焼き嵌めによる残留応力を考慮したモータの磁界解析

焼き嵌めによる残留応力を考慮したモータの磁界解析

積層コアを焼き嵌めリングで固定するモータでは、ステータコアの圧縮応力による磁気特性の低下と鉄損の増加が知られています。本事例では、焼き嵌めによる残留応力を考慮したモータの磁界解析を実施し、残留応力の影響を評価します。
構造解析はLS-DYNAで実施します。図 1に解析モデルを示します。解析モデルは焼き嵌めリングとステータコアを1/4対称でモデル化します。部品間に接触条件を設定し、焼き嵌めリングに温度荷重条件として、加熱時から常温に戻るまでの温度差を設定します。

図 2に最小主応力分布を示します。ヨーク部に圧縮応力が一様に発生していることがわかります。dynainファイルをJMAGに読み込み可能なフォーマットに変換し、図 3に示すようにマッピングツールを用いて初期応力条件としてマッピングします。LS-DYNAの解析結果と同様の応力分布になっていることが確認できます。
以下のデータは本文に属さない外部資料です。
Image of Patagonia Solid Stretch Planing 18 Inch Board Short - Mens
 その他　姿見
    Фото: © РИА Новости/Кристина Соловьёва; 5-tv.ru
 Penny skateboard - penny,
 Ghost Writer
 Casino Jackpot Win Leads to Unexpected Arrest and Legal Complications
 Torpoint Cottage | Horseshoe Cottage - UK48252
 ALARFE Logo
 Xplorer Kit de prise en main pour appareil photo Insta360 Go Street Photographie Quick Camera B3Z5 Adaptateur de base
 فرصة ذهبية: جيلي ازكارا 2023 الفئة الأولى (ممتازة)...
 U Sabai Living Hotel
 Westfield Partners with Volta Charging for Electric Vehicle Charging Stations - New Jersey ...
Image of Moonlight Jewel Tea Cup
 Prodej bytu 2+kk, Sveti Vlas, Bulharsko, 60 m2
JMAGで磁界解析を実施します。図 4に残留応力を考慮する場合と考慮しない場合の2ケースにおけるステータコアの鉄損密度分布を示します。2ケースを比較すると、残留応力を考慮したケースでは、圧縮応力が発生しているヨーク部の鉄損密度が大きいことがわかります。表 1にステータコアに発生する鉄損を示します。残留応力を考慮したケースでは、鉄損が約30%増加していることがわかります。

JMAGでは、残留応力を考慮した上で鉄損を精度よく求めることができます。また、マッピングツールを用いることによって外部ソルバーの結果を容易に利用することができます。